[Start of Attachment]

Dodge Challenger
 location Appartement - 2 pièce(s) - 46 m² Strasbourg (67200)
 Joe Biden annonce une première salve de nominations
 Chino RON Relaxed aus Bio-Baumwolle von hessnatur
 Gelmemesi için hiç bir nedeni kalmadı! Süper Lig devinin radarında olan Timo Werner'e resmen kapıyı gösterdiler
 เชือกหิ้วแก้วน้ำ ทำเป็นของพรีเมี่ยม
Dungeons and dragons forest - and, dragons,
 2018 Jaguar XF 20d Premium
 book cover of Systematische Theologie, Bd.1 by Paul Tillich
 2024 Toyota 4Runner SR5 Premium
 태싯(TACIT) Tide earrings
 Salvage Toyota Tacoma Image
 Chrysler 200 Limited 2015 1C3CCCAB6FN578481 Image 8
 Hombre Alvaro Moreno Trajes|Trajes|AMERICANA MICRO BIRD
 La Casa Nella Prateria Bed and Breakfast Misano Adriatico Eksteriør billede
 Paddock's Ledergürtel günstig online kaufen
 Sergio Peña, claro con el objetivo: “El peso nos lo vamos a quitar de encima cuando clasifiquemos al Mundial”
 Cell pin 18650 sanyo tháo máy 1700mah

[End of Attachment]

PROBLEM TO WORK ON |
Each line above should appear again, reproduced exactly.

ANSWER TO THIS TASK |
Dodge Challenger
 location Appartement - 2 pièce(s) - 46 m² Strasbourg (67200)
 Joe Biden annonce une première salve de nominations
 Chino RON Relaxed aus Bio-Baumwolle von hessnatur
 Gelmemesi için hiç bir nedeni kalmadı! Süper Lig devinin radarında olan Timo Werner'e resmen kapıyı gösterdiler
 เชือกหิ้วแก้วน้ำ ทำเป็นของพรีเมี่ยม
Dungeons and dragons forest - and, dragons,
 2018 Jaguar XF 20d Premium
 book cover of Systematische Theologie, Bd.1 by Paul Tillich
 2024 Toyota 4Runner SR5 Premium
 태싯(TACIT) Tide earrings
 Salvage Toyota Tacoma Image
 Chrysler 200 Limited 2015 1C3CCCAB6FN578481 Image 8
 Hombre Alvaro Moreno Trajes|Trajes|AMERICANA MICRO BIRD
 La Casa Nella Prateria Bed and Breakfast Misano Adriatico Eksteriør billede
 Paddock's Ledergürtel günstig online kaufen
 Sergio Peña, claro con el objetivo: “El peso nos lo vamos a quitar de encima cuando clasifiquemos al Mundial”
 Cell pin 18650 sanyo tháo máy 1700mah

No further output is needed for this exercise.